I cheated and went through the grout for the shower screen & door stop. The towel rack was originally two ceramic ends but the **$# racks rusted so I had to rip them out later, luckily had a couple of tiles still under the house, put the new towel rack in over the top as the tiles ended half way up the wall so there's another option. 
To go slow enough not to heat up you could try an old hand winding drill, still dampening as you go. Might be easier to start chipping into the glaze too without sliding all over the place. If you've got another set of hands around I'd get them to put some riggers gloves on and guide under the drill bit against the tile til you get a start. 
Good luck with it. :Wink:

----------


## shane martin

> whoops sorry i did forget the link, i've been rushing on here before work.  Tilers Trade Shop - Tilers supplies and tiling tools for tradesmen needing screeds, trowels, floats, Grout Boats, saws, blades, cutters, grout, glue, sealers or anything to do with tiling!  Drilling porcelain tiles with diamond tile drill bit granite holesaws

  Thanks for the link Scotty.

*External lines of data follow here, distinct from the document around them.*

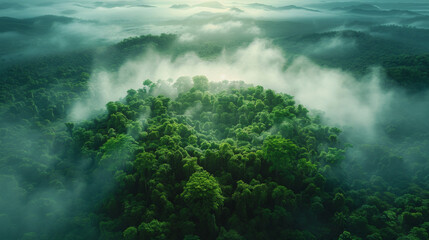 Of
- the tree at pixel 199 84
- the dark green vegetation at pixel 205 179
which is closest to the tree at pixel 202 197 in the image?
the dark green vegetation at pixel 205 179

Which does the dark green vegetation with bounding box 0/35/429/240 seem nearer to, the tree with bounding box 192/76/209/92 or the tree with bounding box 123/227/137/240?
the tree with bounding box 123/227/137/240

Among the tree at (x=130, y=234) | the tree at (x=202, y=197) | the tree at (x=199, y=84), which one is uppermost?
the tree at (x=199, y=84)

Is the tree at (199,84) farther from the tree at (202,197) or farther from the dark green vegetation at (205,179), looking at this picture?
the tree at (202,197)

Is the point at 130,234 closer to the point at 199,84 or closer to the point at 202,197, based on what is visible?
the point at 202,197

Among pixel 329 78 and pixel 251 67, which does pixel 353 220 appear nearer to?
pixel 329 78

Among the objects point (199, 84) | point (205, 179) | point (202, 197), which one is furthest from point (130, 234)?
point (199, 84)

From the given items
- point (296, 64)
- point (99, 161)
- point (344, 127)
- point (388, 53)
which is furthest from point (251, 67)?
point (99, 161)

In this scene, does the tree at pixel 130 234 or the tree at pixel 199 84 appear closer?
the tree at pixel 130 234

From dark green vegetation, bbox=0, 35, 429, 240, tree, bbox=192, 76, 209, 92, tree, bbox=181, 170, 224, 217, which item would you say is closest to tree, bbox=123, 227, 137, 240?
dark green vegetation, bbox=0, 35, 429, 240

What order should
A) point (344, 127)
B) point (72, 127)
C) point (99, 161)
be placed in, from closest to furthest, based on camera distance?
point (99, 161) < point (72, 127) < point (344, 127) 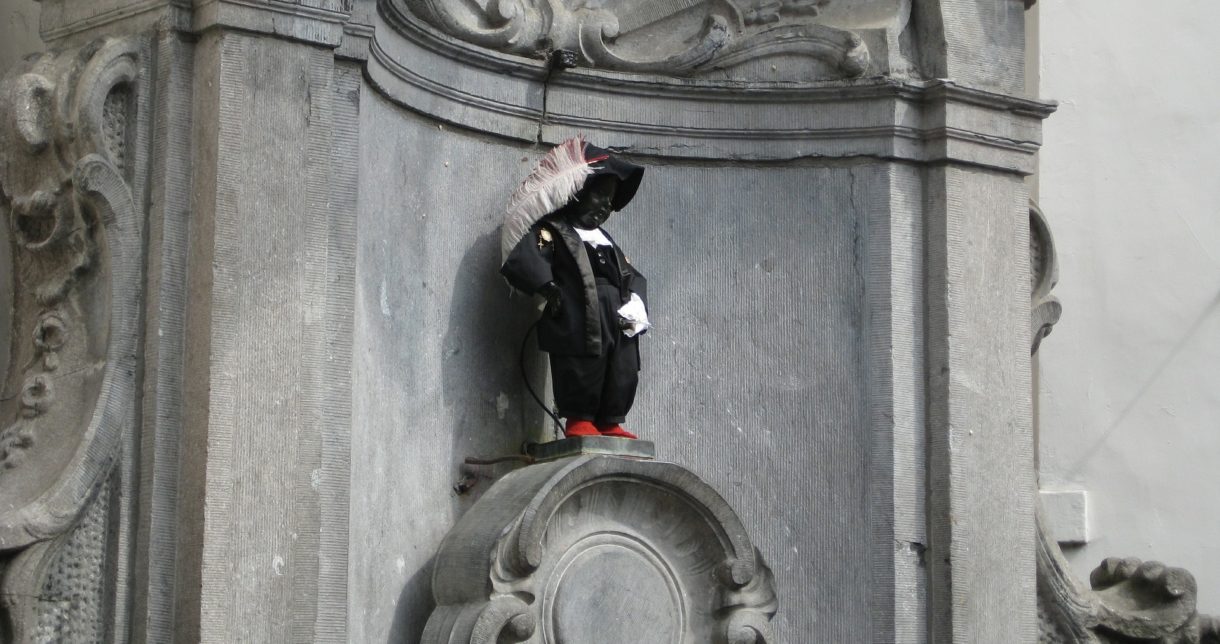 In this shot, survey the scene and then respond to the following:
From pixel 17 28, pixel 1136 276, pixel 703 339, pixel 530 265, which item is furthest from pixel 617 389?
pixel 1136 276

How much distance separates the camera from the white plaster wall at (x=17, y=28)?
638cm

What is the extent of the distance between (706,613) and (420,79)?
5.80 feet

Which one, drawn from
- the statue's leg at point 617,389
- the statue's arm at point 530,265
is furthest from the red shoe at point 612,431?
the statue's arm at point 530,265

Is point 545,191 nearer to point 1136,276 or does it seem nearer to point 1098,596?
point 1098,596

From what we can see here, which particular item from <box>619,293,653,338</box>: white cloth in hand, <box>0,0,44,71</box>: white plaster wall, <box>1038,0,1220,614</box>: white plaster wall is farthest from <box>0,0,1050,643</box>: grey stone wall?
<box>1038,0,1220,614</box>: white plaster wall

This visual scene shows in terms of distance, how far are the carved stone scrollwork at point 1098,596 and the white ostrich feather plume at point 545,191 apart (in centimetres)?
164

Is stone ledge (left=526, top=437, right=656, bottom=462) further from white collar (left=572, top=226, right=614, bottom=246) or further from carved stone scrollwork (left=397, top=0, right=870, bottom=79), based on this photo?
carved stone scrollwork (left=397, top=0, right=870, bottom=79)

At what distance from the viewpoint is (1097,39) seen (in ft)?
29.2

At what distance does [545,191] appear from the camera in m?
6.34

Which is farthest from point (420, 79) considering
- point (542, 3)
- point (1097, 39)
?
point (1097, 39)

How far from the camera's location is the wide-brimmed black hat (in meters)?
6.38

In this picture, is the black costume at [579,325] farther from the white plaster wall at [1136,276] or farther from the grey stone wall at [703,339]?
the white plaster wall at [1136,276]

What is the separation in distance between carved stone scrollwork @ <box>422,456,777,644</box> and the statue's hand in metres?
0.46

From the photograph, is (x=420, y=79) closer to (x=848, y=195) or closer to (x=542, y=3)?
(x=542, y=3) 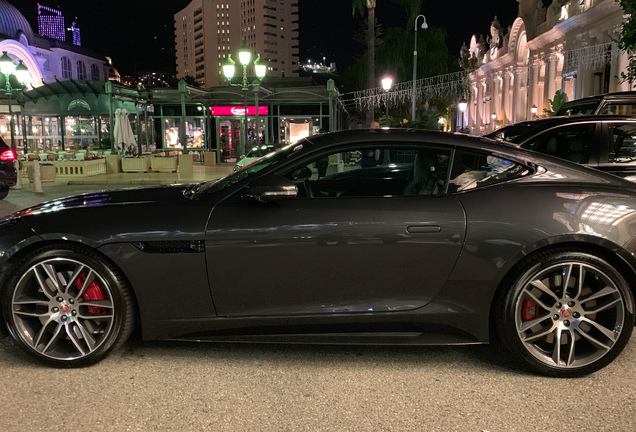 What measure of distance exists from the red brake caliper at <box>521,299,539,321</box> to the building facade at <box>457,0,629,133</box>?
14.7 meters

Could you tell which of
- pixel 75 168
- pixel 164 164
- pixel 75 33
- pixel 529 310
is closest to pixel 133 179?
pixel 164 164

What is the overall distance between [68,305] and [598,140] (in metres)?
6.27

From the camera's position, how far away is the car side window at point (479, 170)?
3.55 meters

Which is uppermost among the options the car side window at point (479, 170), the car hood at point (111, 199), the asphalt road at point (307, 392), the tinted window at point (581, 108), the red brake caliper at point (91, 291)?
the tinted window at point (581, 108)

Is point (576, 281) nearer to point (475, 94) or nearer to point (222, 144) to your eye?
point (222, 144)

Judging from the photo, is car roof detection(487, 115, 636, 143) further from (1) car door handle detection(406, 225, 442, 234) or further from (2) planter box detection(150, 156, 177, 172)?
(2) planter box detection(150, 156, 177, 172)

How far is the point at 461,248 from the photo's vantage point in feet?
11.0

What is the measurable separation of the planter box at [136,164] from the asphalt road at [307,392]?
19580mm

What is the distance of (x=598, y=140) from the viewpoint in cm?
693

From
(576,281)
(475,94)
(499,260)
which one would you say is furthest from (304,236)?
(475,94)

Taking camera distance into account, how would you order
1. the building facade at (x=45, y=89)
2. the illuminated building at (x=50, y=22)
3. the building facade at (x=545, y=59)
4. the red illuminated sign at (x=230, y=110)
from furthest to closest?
the illuminated building at (x=50, y=22) < the building facade at (x=45, y=89) < the red illuminated sign at (x=230, y=110) < the building facade at (x=545, y=59)

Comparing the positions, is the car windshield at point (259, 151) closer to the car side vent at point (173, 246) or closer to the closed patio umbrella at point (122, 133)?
the closed patio umbrella at point (122, 133)

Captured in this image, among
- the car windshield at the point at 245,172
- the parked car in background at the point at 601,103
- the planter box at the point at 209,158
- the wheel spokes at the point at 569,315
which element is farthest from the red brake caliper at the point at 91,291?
the planter box at the point at 209,158

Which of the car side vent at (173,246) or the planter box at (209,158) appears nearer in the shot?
the car side vent at (173,246) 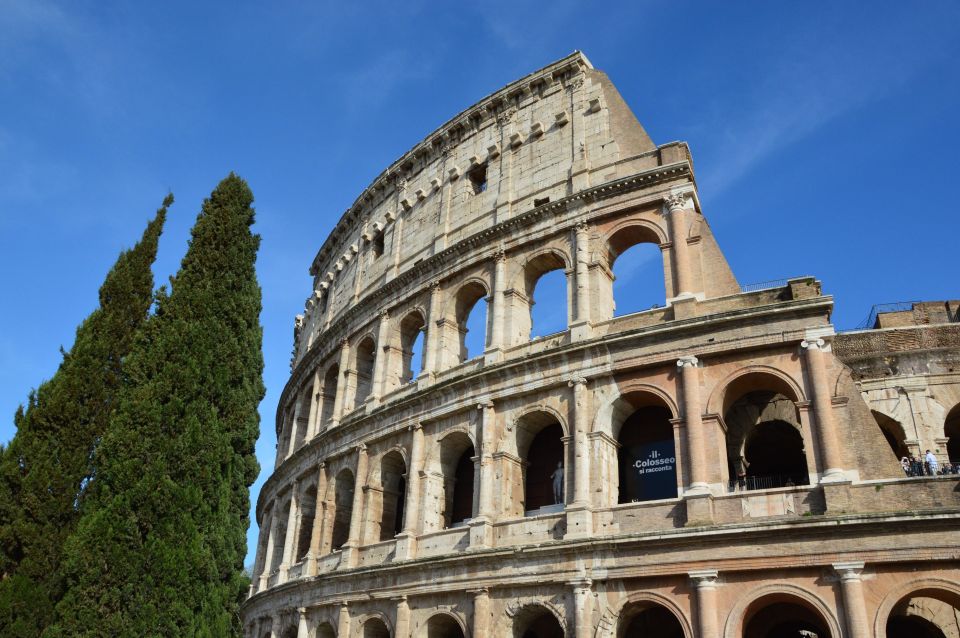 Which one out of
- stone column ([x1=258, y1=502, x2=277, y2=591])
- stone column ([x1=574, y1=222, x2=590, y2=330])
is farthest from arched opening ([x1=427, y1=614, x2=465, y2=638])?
stone column ([x1=258, y1=502, x2=277, y2=591])

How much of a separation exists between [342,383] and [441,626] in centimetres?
917

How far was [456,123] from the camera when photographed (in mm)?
23688

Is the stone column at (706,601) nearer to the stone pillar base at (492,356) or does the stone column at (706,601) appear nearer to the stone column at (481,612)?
the stone column at (481,612)

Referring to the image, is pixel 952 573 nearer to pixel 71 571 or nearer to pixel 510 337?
pixel 510 337

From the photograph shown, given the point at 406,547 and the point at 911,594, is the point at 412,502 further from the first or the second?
the point at 911,594

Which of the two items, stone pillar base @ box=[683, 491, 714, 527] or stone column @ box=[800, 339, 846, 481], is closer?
stone column @ box=[800, 339, 846, 481]

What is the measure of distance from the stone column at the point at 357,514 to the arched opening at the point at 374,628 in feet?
5.19

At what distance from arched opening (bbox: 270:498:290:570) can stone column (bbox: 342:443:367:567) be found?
579cm

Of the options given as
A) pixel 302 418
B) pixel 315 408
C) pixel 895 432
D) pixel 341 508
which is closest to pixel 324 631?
pixel 341 508

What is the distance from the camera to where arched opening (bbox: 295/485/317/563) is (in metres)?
23.8

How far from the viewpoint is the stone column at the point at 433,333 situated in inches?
791

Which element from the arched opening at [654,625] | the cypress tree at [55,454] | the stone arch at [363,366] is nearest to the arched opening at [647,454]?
the arched opening at [654,625]

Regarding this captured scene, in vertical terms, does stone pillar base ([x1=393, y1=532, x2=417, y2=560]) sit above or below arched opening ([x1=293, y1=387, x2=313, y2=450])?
below

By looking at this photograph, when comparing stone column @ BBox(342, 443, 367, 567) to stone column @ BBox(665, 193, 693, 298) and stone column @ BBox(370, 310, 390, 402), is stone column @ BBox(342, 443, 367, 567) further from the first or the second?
stone column @ BBox(665, 193, 693, 298) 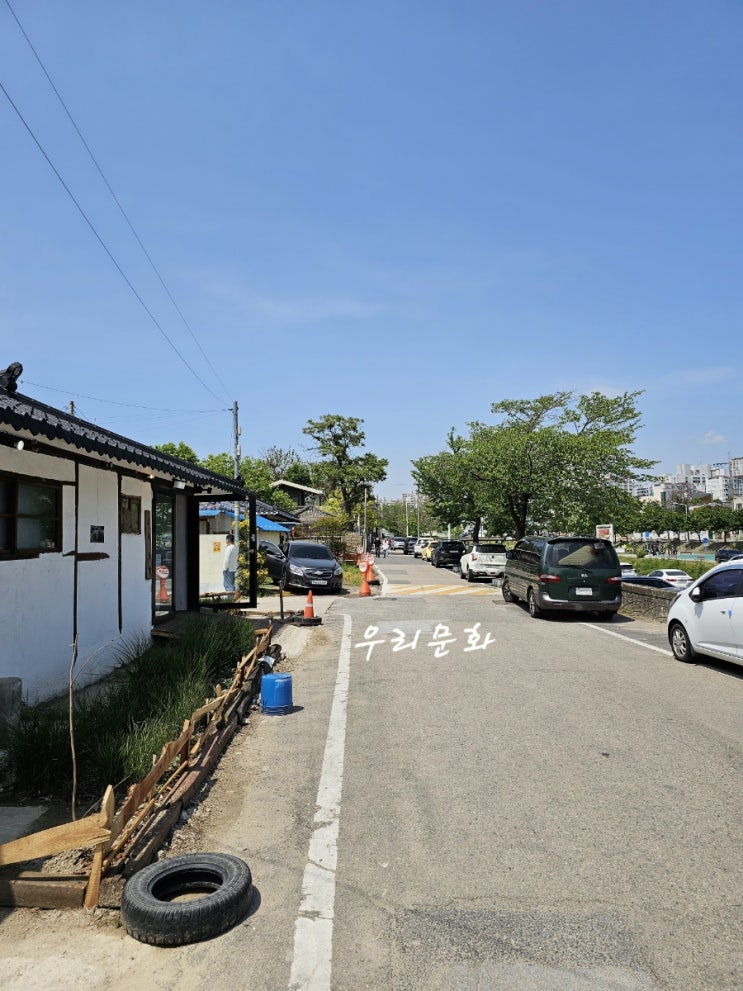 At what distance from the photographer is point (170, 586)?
1423 cm

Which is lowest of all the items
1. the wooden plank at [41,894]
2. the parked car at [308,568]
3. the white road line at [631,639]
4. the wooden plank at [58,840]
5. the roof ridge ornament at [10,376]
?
the white road line at [631,639]

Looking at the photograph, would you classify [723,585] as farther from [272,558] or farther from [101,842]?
[272,558]

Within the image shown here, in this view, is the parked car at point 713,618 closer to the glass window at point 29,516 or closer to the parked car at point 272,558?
the glass window at point 29,516

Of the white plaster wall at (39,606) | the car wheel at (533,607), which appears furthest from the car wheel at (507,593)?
the white plaster wall at (39,606)

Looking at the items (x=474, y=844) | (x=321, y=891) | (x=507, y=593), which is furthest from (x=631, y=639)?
(x=321, y=891)

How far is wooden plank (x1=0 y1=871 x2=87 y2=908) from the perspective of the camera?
3.65 metres

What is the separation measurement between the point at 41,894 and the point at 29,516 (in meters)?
4.39

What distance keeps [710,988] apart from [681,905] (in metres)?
0.68

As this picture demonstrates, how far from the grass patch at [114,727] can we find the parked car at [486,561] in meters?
23.1

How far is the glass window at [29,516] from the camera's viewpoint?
681 centimetres

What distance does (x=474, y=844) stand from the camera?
436cm

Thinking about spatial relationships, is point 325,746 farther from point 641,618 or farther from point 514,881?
point 641,618

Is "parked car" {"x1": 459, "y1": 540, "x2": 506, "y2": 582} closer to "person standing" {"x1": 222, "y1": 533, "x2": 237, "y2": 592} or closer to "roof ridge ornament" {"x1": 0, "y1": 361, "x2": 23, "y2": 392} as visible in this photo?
"person standing" {"x1": 222, "y1": 533, "x2": 237, "y2": 592}

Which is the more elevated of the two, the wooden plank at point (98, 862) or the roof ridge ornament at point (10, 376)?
the roof ridge ornament at point (10, 376)
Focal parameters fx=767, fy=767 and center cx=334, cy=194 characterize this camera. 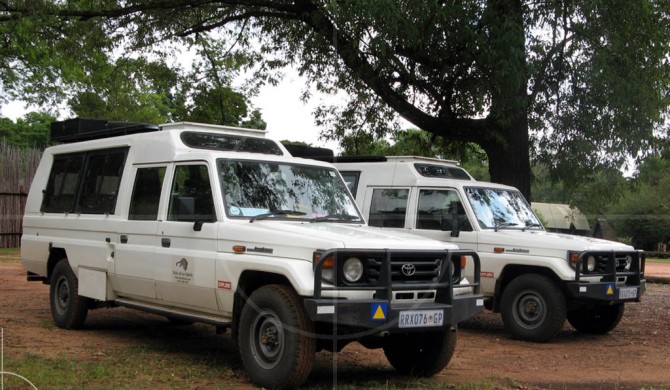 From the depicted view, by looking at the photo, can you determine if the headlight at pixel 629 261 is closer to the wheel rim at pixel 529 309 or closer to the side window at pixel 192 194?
the wheel rim at pixel 529 309

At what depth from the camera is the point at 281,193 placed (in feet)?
25.5

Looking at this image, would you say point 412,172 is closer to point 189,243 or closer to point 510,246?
point 510,246

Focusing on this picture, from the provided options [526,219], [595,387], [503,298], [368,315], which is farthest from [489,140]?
[368,315]

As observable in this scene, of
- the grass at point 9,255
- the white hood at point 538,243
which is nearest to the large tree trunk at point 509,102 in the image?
the white hood at point 538,243

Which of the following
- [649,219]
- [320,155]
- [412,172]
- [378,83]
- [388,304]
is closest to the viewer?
[388,304]

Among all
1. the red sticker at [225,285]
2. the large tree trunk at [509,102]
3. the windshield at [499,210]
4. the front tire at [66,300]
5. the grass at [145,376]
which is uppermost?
the large tree trunk at [509,102]

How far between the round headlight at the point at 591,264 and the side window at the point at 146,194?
5437 mm

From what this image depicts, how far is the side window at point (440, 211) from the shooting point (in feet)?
35.3

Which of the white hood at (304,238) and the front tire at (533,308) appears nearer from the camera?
the white hood at (304,238)

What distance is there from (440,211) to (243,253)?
4.59 metres

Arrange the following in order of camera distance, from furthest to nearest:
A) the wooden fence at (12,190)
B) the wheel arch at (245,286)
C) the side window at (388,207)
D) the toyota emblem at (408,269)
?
the wooden fence at (12,190), the side window at (388,207), the wheel arch at (245,286), the toyota emblem at (408,269)

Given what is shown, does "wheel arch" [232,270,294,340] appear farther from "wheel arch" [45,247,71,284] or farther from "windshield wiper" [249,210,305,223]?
"wheel arch" [45,247,71,284]

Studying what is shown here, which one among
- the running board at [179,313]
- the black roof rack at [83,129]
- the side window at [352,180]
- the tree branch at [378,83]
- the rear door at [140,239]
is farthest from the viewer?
the tree branch at [378,83]

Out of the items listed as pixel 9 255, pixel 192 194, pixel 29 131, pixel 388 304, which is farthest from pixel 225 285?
pixel 29 131
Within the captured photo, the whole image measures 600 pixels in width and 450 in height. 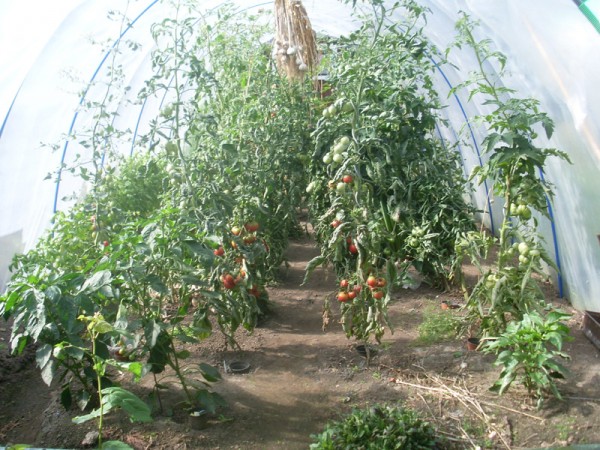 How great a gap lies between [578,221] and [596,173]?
1.76ft

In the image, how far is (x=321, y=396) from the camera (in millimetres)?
3666

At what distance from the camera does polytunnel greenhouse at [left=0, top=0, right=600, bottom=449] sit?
3152 mm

I have informed my local tile shop of the cheaper price for this kit and they have said they'll replace the worn out bits, and work something out regarding the "Kit price" so that's a start. 
For the record guys.... these core drill bits actually do the job well when "new". Not having any trouble with skating as the included suction cup guide works a treat. My complaint is the fact you only get a couple of holes done before you need to throw it and start again with a newy.
Learning sooooooo much with this reno..... :Annoyed:

----------


## Scottythetiler

if used properly the core style drill bits will last 100 holes.  mine are just starting to feed worn after a year!  they will die in one hole if they are drilled too fast or get too hot.

----------


## shane martin

> if used properly the core style drill bits will last 100 holes.  mine are just starting to feed worn after a year!  they will die in one hole if they are drilled too fast or get too hot.

  good to know Scotty ...... thanks for all the info mate.

----------